What are Micro-operations?
A micro-operation is an elementary operation executed on data stored in one or more registers during a single clock pulse. Complex machine instructions are actually a sequence of several micro-operations.
- **Register Transfer:** Moving data from one register to another.
- **Arithmetic:** Performing addition, subtraction, increment, or decrement.
- **Logic:** Performing AND, OR, XOR, or complement operations.
- **Shift:** Shifting bits left or right for multiplication or division.
RTL Notation Basics
RTL uses simple symbols to represent the flow of data within the processor architecture.

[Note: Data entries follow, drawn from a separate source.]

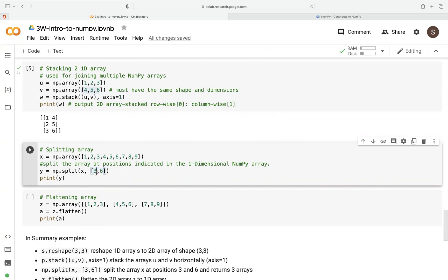So here we want to split at position three. So zero, one, two, three, and then split here. And then position six again, four, five, six, and then split it again. So we print that.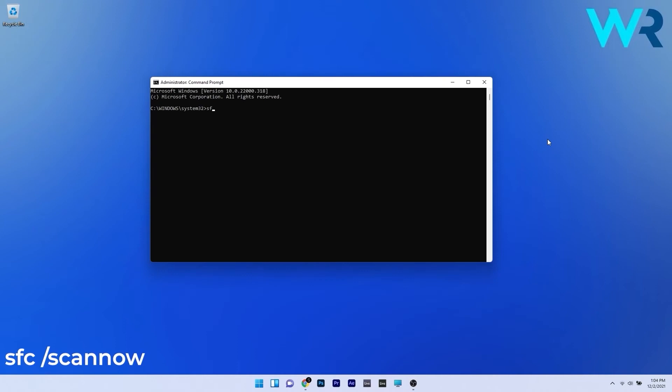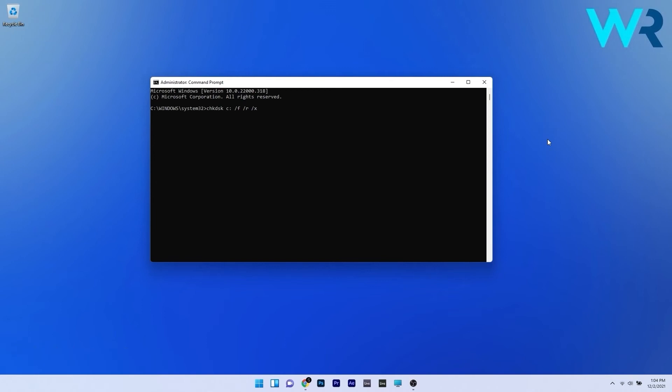In here type the following commands and press enter to run. You can also do a check disk scan if you want it in the same command prompt. Type the following command and press enter. You can also copy paste these commands from the description below.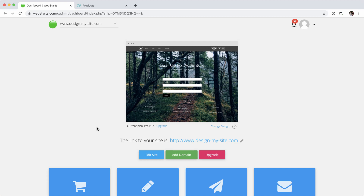Hey, Steve here again with WebStarts.com. In this video, I'm going to show you how to transfer a domain name from a GoDaddy account over to a WebStarts account so it can be used at the WebStarts website. Everything I go through in the GoDaddy account is going to be specific to GoDaddy, but the steps can be applied to any domain registrar out there.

| Symbol | Meaning | Example |
|---|---|---|
| <- | Replacement (Transfer) | R2 <- R1 (Move R1 to R2) |
| () | Part of a register | R2(0-7) (Lower byte of R2) |
| , | Simultaneous operations | R1 <- R2, R3 <- R4 |
| : | Control condition | P: R2 <- R1 (If P=1, then move) |
| M[addr] | Memory location | DR <- M[AR] (Read from memory) |
Common Micro-operation Types
1. Arithmetic Micro-operations
These include basic math. Note that subtraction is usually implemented using 2's complement logic: $R3 \leftarrow R1 + \bar{R2} + 1$.
2. Logic Micro-operations
These are useful for manipulating individual bits or a string of bits stored in registers (e.g., clearing, setting, or complementing bits).
Bus and Memory Transfers
In a system with many registers, it is inefficient to have wires connecting every register to every other. Instead, a Common Bus System is used. RTL represents this as:
BUS <- R1, R2 <- BUS ; Effectively R2 <- R1 using a busCommon Mistakes to Avoid
- Thinking RTL is a programming language like C (it is a hardware description notation).
- Forgetting that all operations separated by a comma happen in the exact same clock cycle.
- Confusing the register name with its contents.
- Misinterpreting the control condition (if the condition is 0, the operation simply does not occur).
Advanced Concepts
- Three-state bus buffers
- Memory Read (DR <- M[AR]) and Memory Write (M[AR] <- R1)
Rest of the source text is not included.